Posted to dev@mahout.apache.org by "Sean Owen (JIRA)" <ji...@apache.org> on 2010/09/25 09:57:33 UTC

[jira] Reopened: (MAHOUT-504) Kmeans clustering error

     [ https://issues.apache.org/jira/browse/MAHOUT-504?page=com.atlassian.jira.plugin.system.issuetabpanels:all-tabpanel ]

Sean Owen reopened MAHOUT-504:
------------------------------


> Kmeans clustering error
> -----------------------
>
>                 Key: MAHOUT-504
>                 URL: https://issues.apache.org/jira/browse/MAHOUT-504
>             Project: Mahout
>          Issue Type: Bug
>            Reporter: Zhen Guo
>            Assignee: Robin Anil
>             Fix For: 0.4
>
>
> I tried the Kmeans algorithm on the Synthetic Control data. The following error appears. I tried the Canopy algorithm, it is fine. This error is from Mapper. I am using Trunk.
> 10/09/20 19:40:06 INFO mapred.JobClient: Task Id : attempt_201008261432_1324_m_000000_0, Status : FAILED
> java.lang.IllegalStateException: Cluster is empty!
> 	at org.apache.mahout.clustering.kmeans.KMeansClusterMapper.setup(KMeansClusterMapper.java:57)
> 	at org.apache.hadoop.mapreduce.Mapper.run(Mapper.java:142)
> 	at org.apache.hadoop.mapred.MapTask.runNewMapper(MapTask.java:583)
> 	at org.apache.hadoop.mapred.MapTask.run(MapTask.java:305)
> 	at org.apache.hadoop.mapred.Child.main(Child.java:170)

-- 
This message is automatically generated by JIRA.
-
You can reply to this email to add a comment to the issue online.

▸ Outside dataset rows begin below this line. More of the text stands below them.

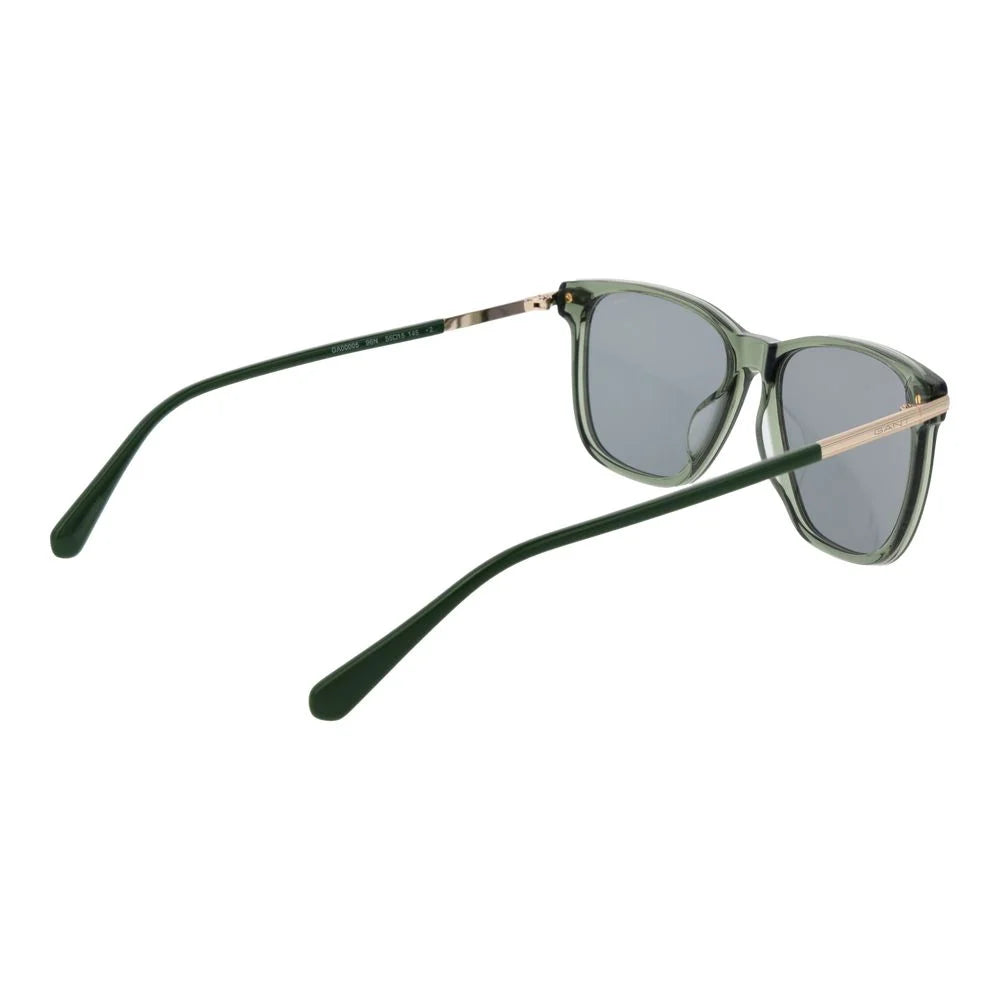 Gant Green Men Sunglass - Sunglasses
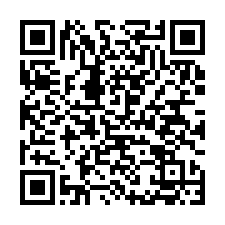 QR Code for bitcoin:bitcoin:bitcoin:bitcoin:bitcoin:1D8ZP5MtpmzzFemNHwcPX1CTHZK19Cfcmv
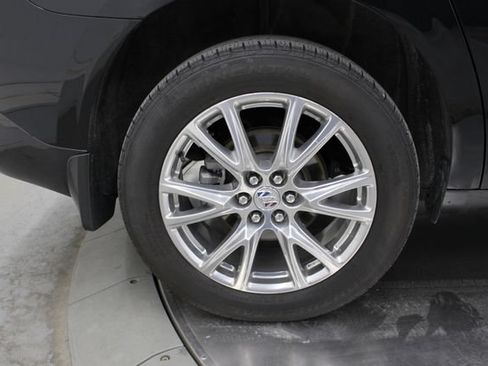 Used 2024 Buick Enclave Essence w/ Experience Buick Package AWD/4WD image 53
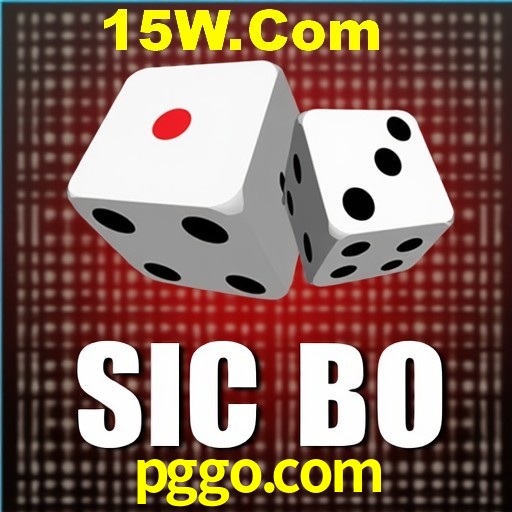 A Revolução dos Aplicativos de Jogos no pggo.com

Re: [jira] Reopened: (MAHOUT-504) Kmeans clustering error

Posted by Jeff Eastman <jd...@windwardsolutions.com>.
  This cannot be running on the latest trunk. The job no longer has a -c 
argument and the initial clusters are always computed by running Canopy 
on the converted data. It is meant to be run with no arguments; default 
values are provided (EuclideanDM, 80, 55) that work consistently. The 
only variables are the distance measure, t1 and t2 values for Canopy. If 
these are changed there will be somewhere between 1 and 600 clusters 
generated by Canopy and k-Means processes them fine.

Predictably, when I run with t1=800 and t2=550 I get a single cluster 
out; with t1=8 and t2=5.5 I get 600. There is no way I can imagine to 
ever get 0 clusters out of Canopy.

I think this has been fixed, but show me a command line that can 
generate this error and I will have something to work with.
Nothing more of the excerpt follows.